I met with three Lima Township farmers for a story.
And, I helped put out a fire.
Well, actually, I stood there and watched -- while one of the farmer's put out a fire in his tractor with a large jug of water I carry in my van for the dogs.
Ironically, it was after he'd explained to me that he paid a lot of taxes for his farmland in the township that didn't require fire or emergency services -- like people in houses do.
So I guess he was right. I provided the water to put out the fire.
He had a jug of coffee and tossed that on it first, but, it wasn't out, so my water did the trick.
I guess this means I get a fire extinguishing assist.
What had happened was a bird built a nest on the engine -- the tractor had been sitting around without being used for four days -- and when he drove it to the site where we were meeting, all those sticks and other nest-building stuff got hot and caught on fire.
I thought I smelled something while we were talking, but I thought it was diesel fuel.
You know, normal tractor stuff.
The smoke and flames proved otherwise.
But, the tractor was fine, except a little black soot on the side, and it started up later.
The nest, however, not so much. It's strewn on the ground.
So, that was pretty exciting.
After that, I headed to Ann Arbor to the Farmer's Market to interview more farmers.
Once there, I drove around and around and around -- trying to find a parking spot.

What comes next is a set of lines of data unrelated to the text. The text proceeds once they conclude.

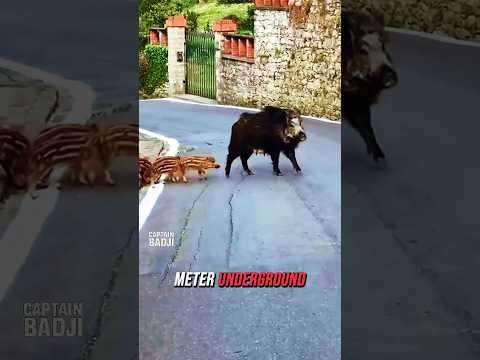 كن حذر ا عندما تقابل هذا الرجل في وسط المدينة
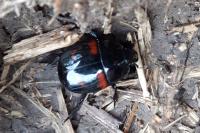 Hister quadrimaculatus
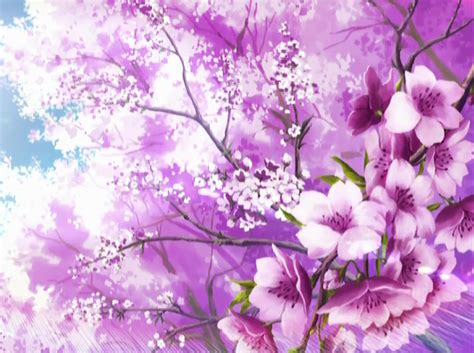 Jun 15, 2021 · half moe, pink hair, yae sakura, yae sakura (honkai impact), honkai impact, bunny ears | 2560x1440 wallpaper Sakura Wallpaper HD - WallpaperSafari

But there were none in my usual haunts, so I headed to the parking lot at Community High School.
Now, I saw the signs that said permit parking only during school hours, but I was hoping it was just on one side of the lot -- that on the other side, it was OK to park.
I saw other people parking there, heading to the market.

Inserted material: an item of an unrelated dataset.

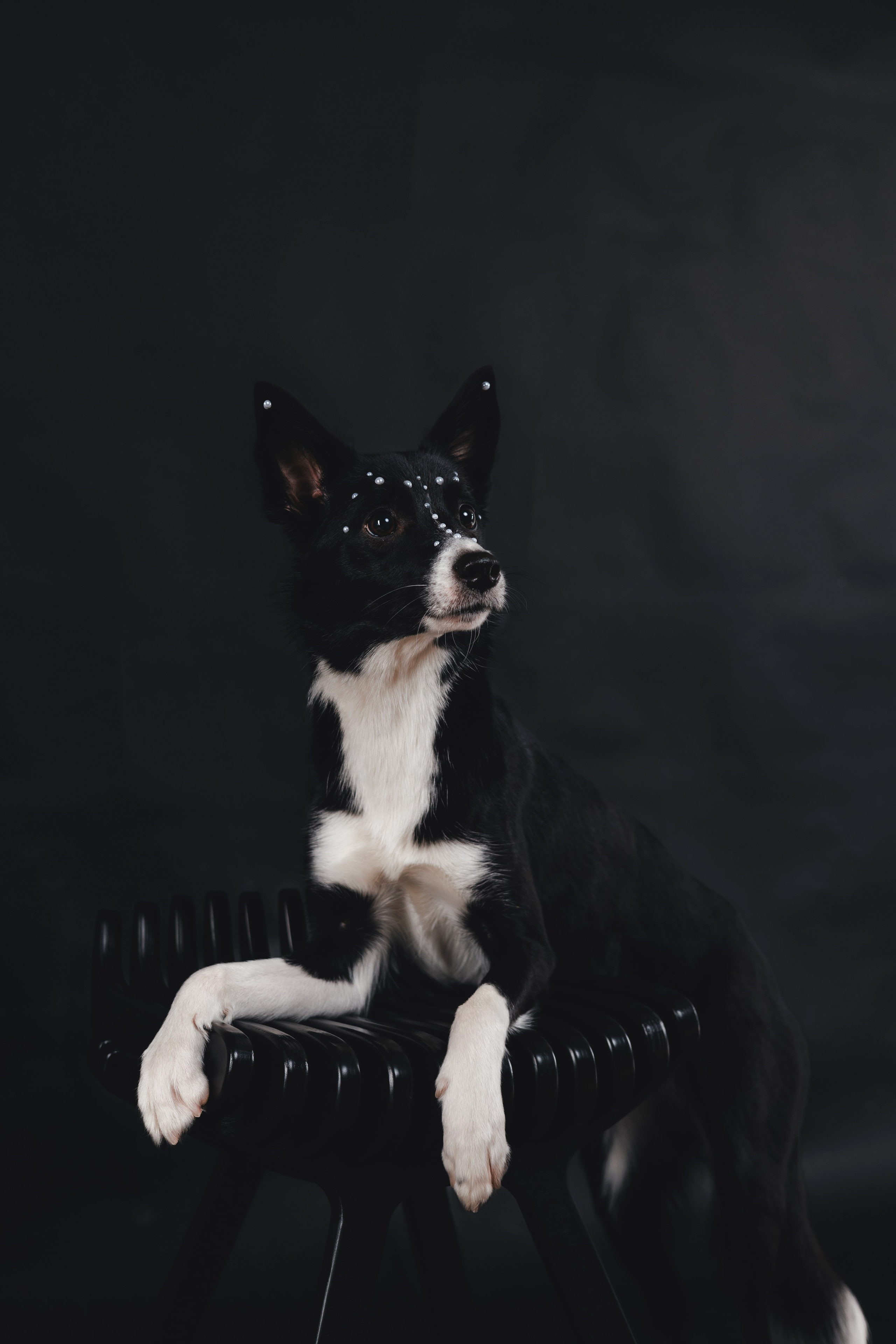 Рей в студии. Фотограф — анималист Владивосток, Алина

So like a lemming, I followed.
I fed the meter for two hours and took a chance.
At the end of my second interview and video, I mentioned to one of the vendors where my van was parked.

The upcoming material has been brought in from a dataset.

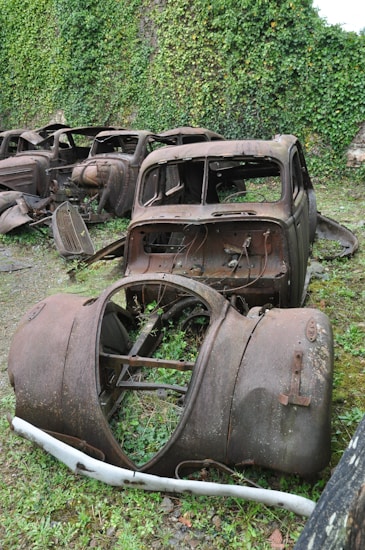 A collection of rusty, abandoned car bodies is situated in an overgrown area with lush green ivy covering the background walls. The cars are in severe decay, with missing parts and visible rust, blending into the natural surroundings.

Then said jokingly, if you see them handing out tickets, let me know.
With that, I was on my way to my next interview.
But, before I headed to my third vendor, I couldn't help myself -- I stopped to buy two pretzels from Mill Pond Bread.
I LOVE those pretzels!
And while there, the vendor -- who coincidentally works as the mayor's administrative assistant -- tracked me down to tell me tickets were being written.
So, I zoomed to my van, hoping that I could get there before I got nabbed.
No such luck.
So, I acknowledged the nice 'metermen' and they nicely explained that those parking signs during school hours , eh, they apply to both sides of the parking lot.
So I asked if I could pay them the ticket, but they wouldn't take my money. But they nicely explained where I could pay it immediately.
Then the really, really bad part happened.
Despite already having my ticket, I had to move my van.
I pleaded my case -- saying, "Wait, I still have an hour on the meter and I've already gotten a ticket, why can't I just finish my interviews first?"
Nope. I had to move.
So, I did.
I drove around for another 20 minutes to all of my usual parking lots and still couldn't find a parking spot.
So, I called it a day, decided to come back next week, and left downtown Ann Arbor.
Truth be told, I was more pissed about the minutes still left on the meter than the $25 ticket.
So, I figure it's my contribution to the city's coffers, along with all the other ticketed vehicles I saw in that lot.
Maybe it will help a policeman keep his job during these lean budget times. The city is talking about laying off 20 men in blue.
But, I did have my pretzels, so, despite a slight glitch, it was a pretty good morning.
And I learned an important parking lesson, which I pondered, while munching on a pretzel on the way home.
I think this is the first parking ticket I've ever gotten.
Except maybe once when I was a student at U-M.
Every student with a car on campus gets at least one ticket in four years. I think it's a rite of passage.
But that was so long ago, I don't remember.